___ Available data ___
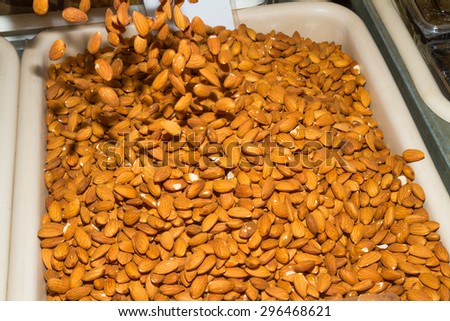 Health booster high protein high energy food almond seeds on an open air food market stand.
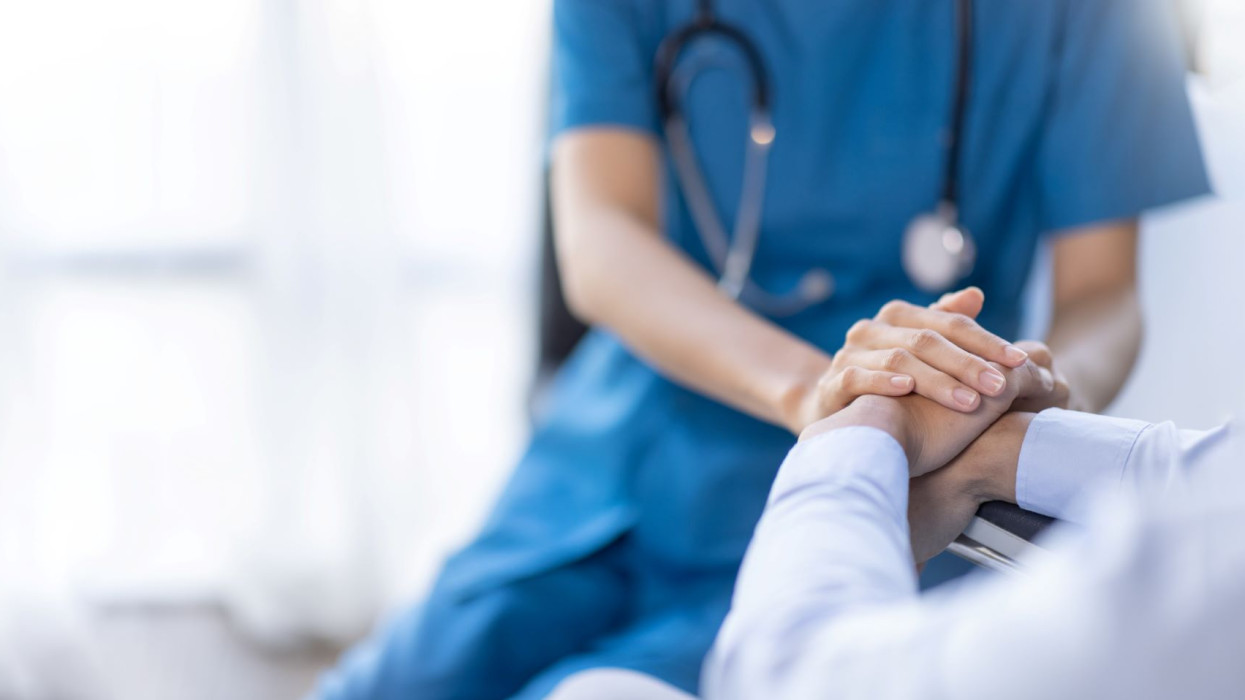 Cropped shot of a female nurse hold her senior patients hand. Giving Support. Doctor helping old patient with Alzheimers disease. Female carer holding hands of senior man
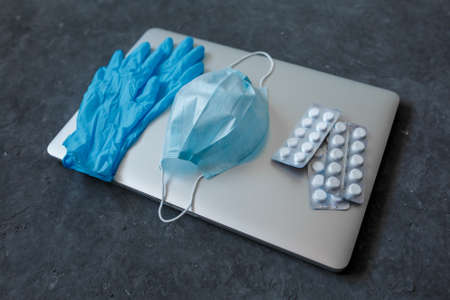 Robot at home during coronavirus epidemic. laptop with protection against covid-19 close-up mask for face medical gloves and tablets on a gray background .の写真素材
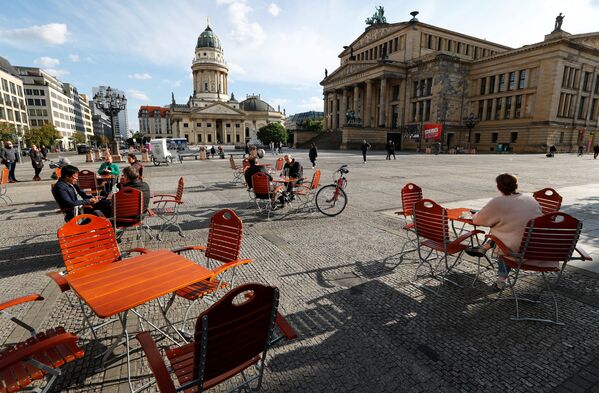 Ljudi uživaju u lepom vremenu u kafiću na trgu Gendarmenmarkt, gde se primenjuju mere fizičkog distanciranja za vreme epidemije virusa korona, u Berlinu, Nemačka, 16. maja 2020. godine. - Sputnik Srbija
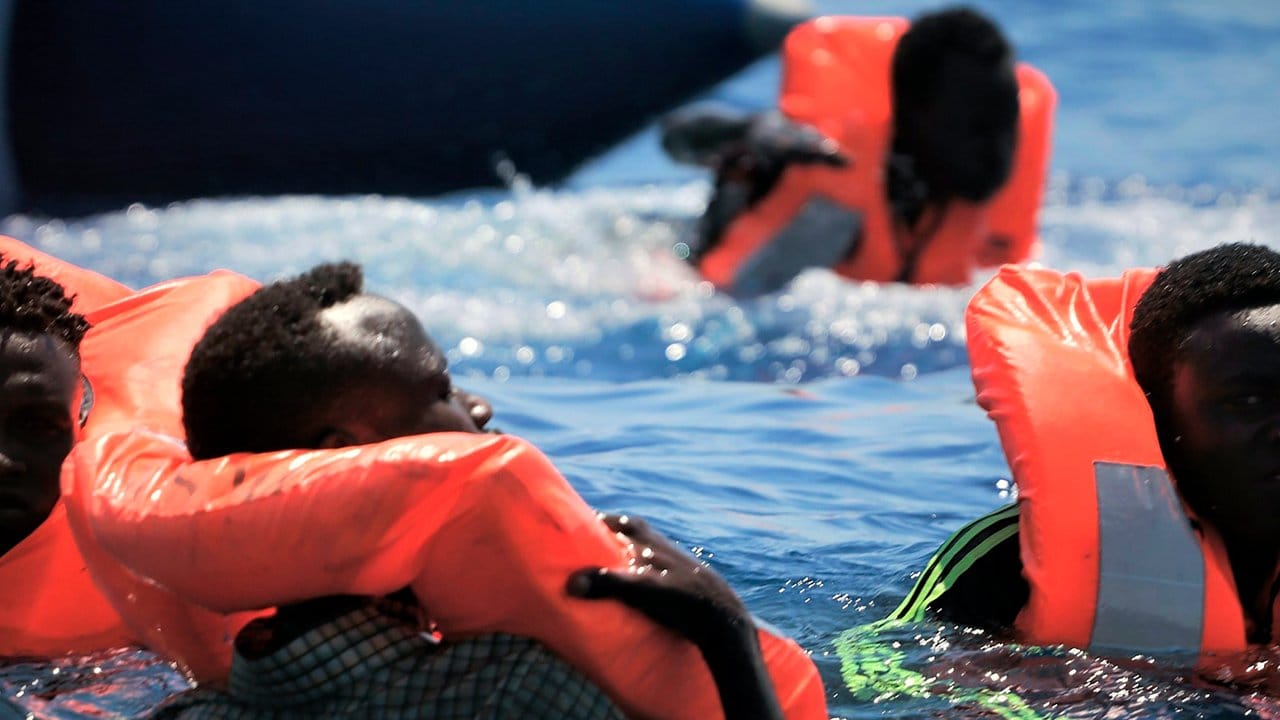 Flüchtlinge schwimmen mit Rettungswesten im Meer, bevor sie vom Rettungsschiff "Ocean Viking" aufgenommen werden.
___
**What this task involves**
Would you retype the lines from the line containing "Ljudi uživaju u" to the final line of the entries above, exactly as given and without pictures?

**Task solution**
 Ljudi uživaju u lepom vremenu u kafiću na trgu Gendarmenmarkt, gde se primenjuju mere fizičkog distanciranja za vreme epidemije virusa korona, u Berlinu, Nemačka, 16. maja 2020. godine. - Sputnik Srbija
 Flüchtlinge schwimmen mit Rettungswesten im Meer, bevor sie vom Rettungsschiff "Ocean Viking" aufgenommen werden.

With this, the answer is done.